Newspapers spend a lot of time and energy erecting website paywalls, but are they thinking enough about when to take them down?
Even if a publisher commits to a paywall as the best business strategy for his news company, there may be some stories or subjects which carry such importance and urgency that it is irresponsible to withhold them from nonsubscribers.
Or is it?
As Hurricane Irene barreled up the East Coast Aug. 26 on a path toward New York City, Jim Roberts started talking to colleagues at The New York Times about making storm coverage exempt from the website’s 20-article-a-month limit. By that afternoon, it was done.
“We are aware of our obligations to our audience and to the public at large when there is a big story that directly impacts such a large portion of people,” said Roberts, the assistant managing editor in charge of digital content.

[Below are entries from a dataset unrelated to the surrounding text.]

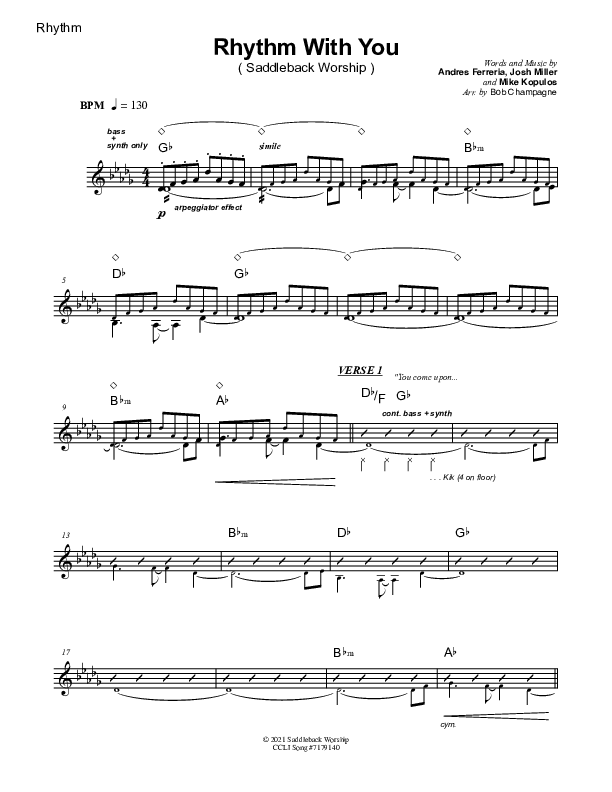 Rhythm With You Rhythm Chart (Saddleback Worship)
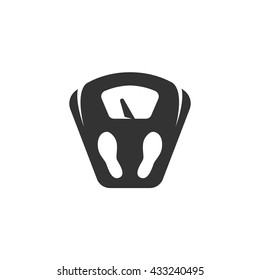 Scales icon isolated on a white background. Logo silhouette design template. Simple symbol concept in flat style. Abstract sign, pictogram for web, mobile and infographics - stock vector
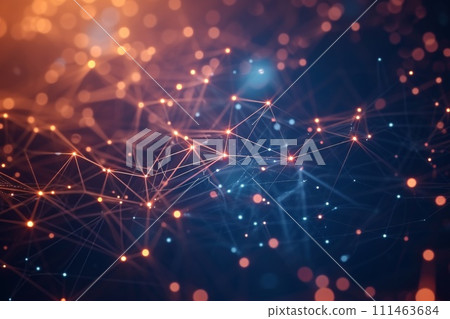 Abstract glowing connecting dots and lines background. Network connection background 111463684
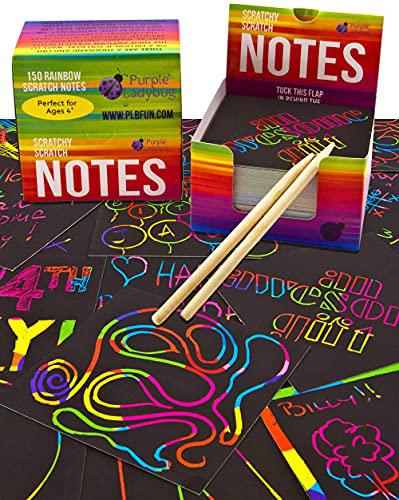Saddle Mountain Souvenir rainbow scratch off mini notes + 2 stylus pens kit: 150 sheets of rainbow scratch paper for kids arts and crafts, airplane or c
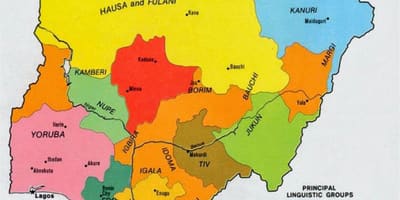 Mappa del nigeriano tribù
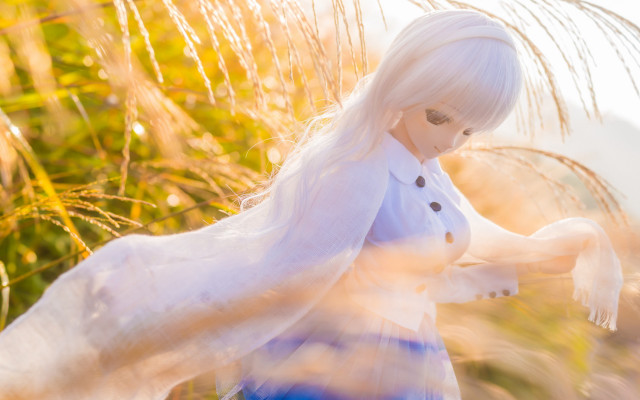 White hair blue dress umbrella free wallpaper for desktop - medium preview image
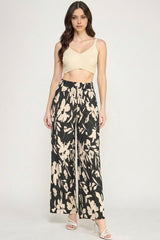 Pantalon droit froissé à imprimé floral (paquet de 6)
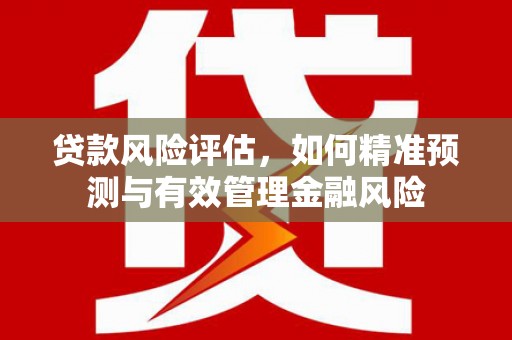 猇亭贷款风险评估，如何精准预测与有效管理金融风险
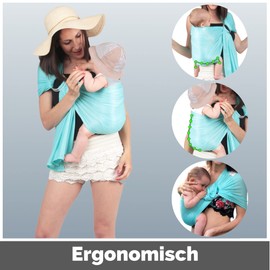 Amarsupiel Baby Water Carrier | Baby Water Shoulder Strap | Ultra Fast Drying | Ergonomic Baby Carrier | Oeko-Tex | Certificate Made in Spain | Mint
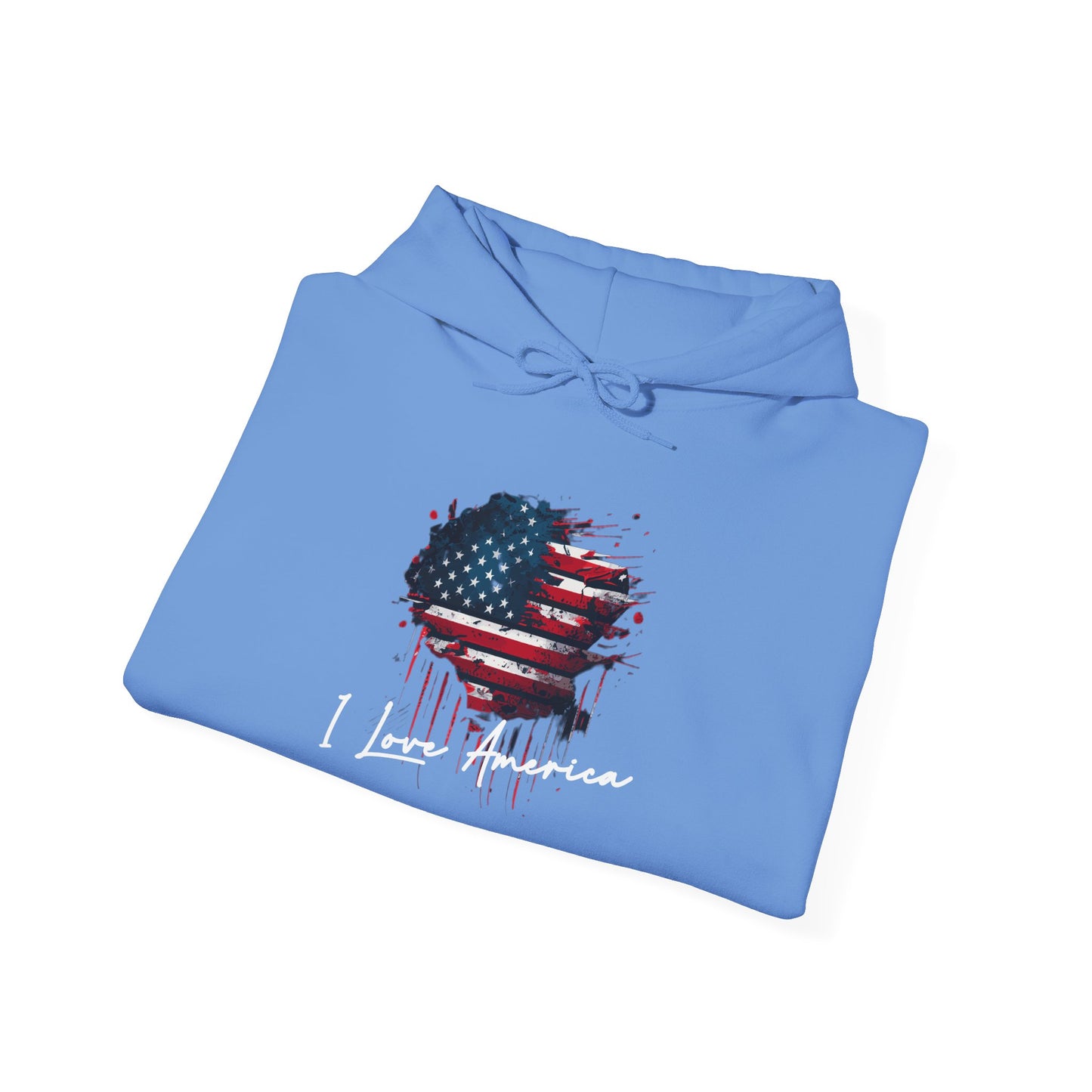 I Love America Heart Flag Unisex Hoodie Sweatshirt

That wasn’t the sentiment a couple weeks later and 130 miles to the west when a storm system dumped torrents upon Northeastern Pennsylvania, pushing the Susquehanna River over its banks to the highest flood levels in almost 40 years. Water damaged or destroyed thousands of homes in the region. Many river towns were devastated, including Bloomsburg, Pa., left under water and closed to all but emergency workers.

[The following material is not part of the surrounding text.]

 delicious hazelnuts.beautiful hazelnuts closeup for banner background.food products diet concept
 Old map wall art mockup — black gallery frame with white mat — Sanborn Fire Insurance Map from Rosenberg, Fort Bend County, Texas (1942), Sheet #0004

Despite the calamity, Bloomsburg Press Enterprise Publisher Brandon Eyerly felt no obligation to open his newspaper’s paywalled website to nonsubscribers. (He did suspend the paywall for a few days, but only to soothe print subscribers whose home delivery was disrupted by flooding.)
Would-be readers called upon the Press Enterprise to extend free online access, especially for the sake of people outside the area. Some of them started their own community-driven journalism site, The Bloomsburg Daily. These were signs of the public’s desire, natural in times of community-wide affliction, for journalism to help measure the damage, chronicle the suffering, and eventually aid in healing and recovery.
Eyerly’s response? Buy the paper.
“If it’s important to people, they can go out and pick up a newspaper. They can go to the library and get it for free, or they can go to their neighbor who has it,” he told me in a phone interview.
Eyerly said critics unfairly suggested the newspaper had a duty to make its information freely available. The public could turn to the Red Cross for information, or to local TV news, he said. The Associated Press already had access to redistribute the paper’s best information and photos to make national audiences aware of the local suffering.
“This model of giving content away isn’t working,” Eyerly explained. “Before the ‘90s, how many newspapers said, ‘We’ve got something really tragic going on in the community … we have a community obligation to let people have this information for free. Forget our business, we’re going to give away free newspapers tomorrow because it’s a big story.’ It sounds ludicrous, but that’s kind of the analogy to what we’re looking at today.”
“The distribution of news through the Internet over the last two decades has kind of clouded our whole vision.”
The underlying tension is that newspapers act simultaneously as businesses and as servants of the public’s interest. As for-profit enterprises, they have the right (the duty, even) to make money for shareholders or private owners. But most also claim to have a social compact, in which they safeguard the entire public interest and help their entire community shape and understand its shared values.
The New York Times’ metered model — often called a “leaky paywall” — was “a thoughtfully produced judgment on how to balance those competing interests,” Roberts told me. It opens the site to browsing, occasional reading and social media sharing, while still pursuing some subscriber revenue.
Hurricane Irene was the first time the Times even partially suspended its paywall since it launched on March 28. It did not adjust the meter for Osama Bin Laden’s death, the Egyptian revolution, or other major news of the past six months.
“The difference with the hurricane is we felt there was the potential that we would be providing on our website a level of service information that somehow transcended journalism,” Roberts said. “Whether it was helping people understand evacuation zones, or up-to-the-minute updates on subway rail service.”
Each case has to be evaluated individually. But it seems the Times’ emerging standard is to drop the paywall (or at least poke holes in it) when the public is in danger of death, injury or major property damage — and needs access to actionable information.
Roberts said he could foresee such circumstances arising only once or twice a year on average. The goal, he said, is to recognize “the moment, not to upend your business model, but to shift the balance slightly. That’s what we did with the hurricane, and I think we did it to good effect.”